Outcome measures were assessed at baseline with the primary outcome at month 6. Safety measures and PANSS scores28,29 were measured at month 3. To monitor adverse events, participants remained in the trial from consent to 28 days after their last dose.
After trial commencement, we adjusted several study features to optimize recruitment and retention, including (1) discontinuation of 12-month postrandomization follow-up, (2) increase of age range upper limit from 45 to 65 years (February 6, 2017), and (3) extension of the criterion stipulating FEP from the past 6 months to 3 years (July 8, 2016). During the trial, Public Health England recommended universal winter supplementation of 400 IU of vitamin D daily, so after safety checks, participants were permitted to take this dose alongside the study medication (February 12, 2016).

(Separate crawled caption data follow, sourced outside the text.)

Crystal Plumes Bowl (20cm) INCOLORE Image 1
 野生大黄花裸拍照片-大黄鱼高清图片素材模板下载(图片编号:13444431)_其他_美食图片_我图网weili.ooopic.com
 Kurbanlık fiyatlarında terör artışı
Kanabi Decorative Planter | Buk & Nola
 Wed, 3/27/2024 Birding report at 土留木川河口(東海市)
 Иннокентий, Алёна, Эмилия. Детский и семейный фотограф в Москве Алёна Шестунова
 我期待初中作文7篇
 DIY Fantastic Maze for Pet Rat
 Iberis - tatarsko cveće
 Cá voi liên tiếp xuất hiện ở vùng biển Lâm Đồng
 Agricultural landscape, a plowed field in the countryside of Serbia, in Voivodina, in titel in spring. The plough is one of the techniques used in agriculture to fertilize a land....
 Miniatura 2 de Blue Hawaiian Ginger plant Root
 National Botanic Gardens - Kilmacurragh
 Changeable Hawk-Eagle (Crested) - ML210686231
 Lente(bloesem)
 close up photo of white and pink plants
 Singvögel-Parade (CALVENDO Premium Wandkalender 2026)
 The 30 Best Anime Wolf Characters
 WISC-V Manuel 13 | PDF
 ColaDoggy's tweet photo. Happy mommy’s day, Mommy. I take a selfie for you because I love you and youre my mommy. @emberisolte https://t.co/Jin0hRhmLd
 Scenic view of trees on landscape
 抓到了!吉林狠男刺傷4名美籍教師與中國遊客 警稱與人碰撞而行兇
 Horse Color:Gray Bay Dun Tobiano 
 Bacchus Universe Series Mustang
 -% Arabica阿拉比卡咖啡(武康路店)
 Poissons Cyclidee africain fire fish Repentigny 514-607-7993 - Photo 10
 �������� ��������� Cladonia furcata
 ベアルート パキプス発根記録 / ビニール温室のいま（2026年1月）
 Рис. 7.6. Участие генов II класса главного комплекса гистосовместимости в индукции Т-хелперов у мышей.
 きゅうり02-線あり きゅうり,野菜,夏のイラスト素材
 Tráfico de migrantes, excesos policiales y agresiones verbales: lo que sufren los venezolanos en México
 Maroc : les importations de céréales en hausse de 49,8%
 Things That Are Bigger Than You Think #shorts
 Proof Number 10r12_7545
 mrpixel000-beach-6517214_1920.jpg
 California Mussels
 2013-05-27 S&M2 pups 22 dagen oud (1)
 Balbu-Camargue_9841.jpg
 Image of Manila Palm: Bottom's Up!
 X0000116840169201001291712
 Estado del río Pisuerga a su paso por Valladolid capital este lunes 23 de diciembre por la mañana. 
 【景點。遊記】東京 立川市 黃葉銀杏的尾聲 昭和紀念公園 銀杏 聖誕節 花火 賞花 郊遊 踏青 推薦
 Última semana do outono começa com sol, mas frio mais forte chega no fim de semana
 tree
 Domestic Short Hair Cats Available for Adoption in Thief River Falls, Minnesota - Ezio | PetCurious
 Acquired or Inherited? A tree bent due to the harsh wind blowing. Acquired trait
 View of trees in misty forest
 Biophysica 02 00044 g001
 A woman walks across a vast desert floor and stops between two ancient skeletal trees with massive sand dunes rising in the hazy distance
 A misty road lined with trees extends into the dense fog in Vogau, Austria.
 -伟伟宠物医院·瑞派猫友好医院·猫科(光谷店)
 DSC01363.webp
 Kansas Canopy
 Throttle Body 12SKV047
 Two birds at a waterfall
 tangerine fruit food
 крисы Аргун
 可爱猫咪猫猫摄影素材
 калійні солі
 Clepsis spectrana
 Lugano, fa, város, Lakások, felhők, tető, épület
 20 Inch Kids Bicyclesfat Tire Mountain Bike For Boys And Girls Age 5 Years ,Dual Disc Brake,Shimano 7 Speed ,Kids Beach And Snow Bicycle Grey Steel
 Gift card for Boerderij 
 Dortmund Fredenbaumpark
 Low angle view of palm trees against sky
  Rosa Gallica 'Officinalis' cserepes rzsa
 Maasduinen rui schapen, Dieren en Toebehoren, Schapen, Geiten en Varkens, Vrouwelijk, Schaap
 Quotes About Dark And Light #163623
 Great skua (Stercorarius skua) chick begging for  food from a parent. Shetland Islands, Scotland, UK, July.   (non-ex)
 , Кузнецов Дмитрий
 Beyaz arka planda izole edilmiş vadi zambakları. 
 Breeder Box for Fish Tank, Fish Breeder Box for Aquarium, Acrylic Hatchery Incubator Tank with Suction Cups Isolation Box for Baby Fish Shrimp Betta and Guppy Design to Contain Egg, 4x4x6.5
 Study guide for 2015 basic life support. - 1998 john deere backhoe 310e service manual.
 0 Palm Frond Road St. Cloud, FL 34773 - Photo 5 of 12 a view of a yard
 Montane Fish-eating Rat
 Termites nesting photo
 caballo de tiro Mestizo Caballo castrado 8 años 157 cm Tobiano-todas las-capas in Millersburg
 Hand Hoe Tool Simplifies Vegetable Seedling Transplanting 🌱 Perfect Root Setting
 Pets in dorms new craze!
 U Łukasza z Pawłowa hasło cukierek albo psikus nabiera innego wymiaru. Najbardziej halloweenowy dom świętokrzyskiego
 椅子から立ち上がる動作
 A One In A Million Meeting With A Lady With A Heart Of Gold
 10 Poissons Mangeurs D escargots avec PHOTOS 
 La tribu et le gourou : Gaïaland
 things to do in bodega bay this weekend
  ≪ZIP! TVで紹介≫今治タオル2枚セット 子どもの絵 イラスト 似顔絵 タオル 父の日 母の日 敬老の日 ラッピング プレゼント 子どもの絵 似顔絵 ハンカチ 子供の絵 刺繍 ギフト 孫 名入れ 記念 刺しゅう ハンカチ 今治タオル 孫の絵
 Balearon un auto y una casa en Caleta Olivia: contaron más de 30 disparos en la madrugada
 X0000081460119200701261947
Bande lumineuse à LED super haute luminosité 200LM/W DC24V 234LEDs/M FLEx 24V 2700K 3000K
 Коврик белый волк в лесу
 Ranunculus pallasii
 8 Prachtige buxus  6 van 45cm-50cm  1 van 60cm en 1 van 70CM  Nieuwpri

The study recruited participants from January 19, 2016, to June 14, 2019, with the final post–last dose follow-up completed on December 20, 2019. The study was performed at 5 sites in England: South London and Maudsley National Health Service (NHS) Foundation Trust, Southern Health NHS Foundation Trust, Cheshire and Wirral Partnership NHS Foundation Trust, Kent and Medway NHS and Social Care Partnership Trust, and South West London and St George’s Mental Health NHS Trust.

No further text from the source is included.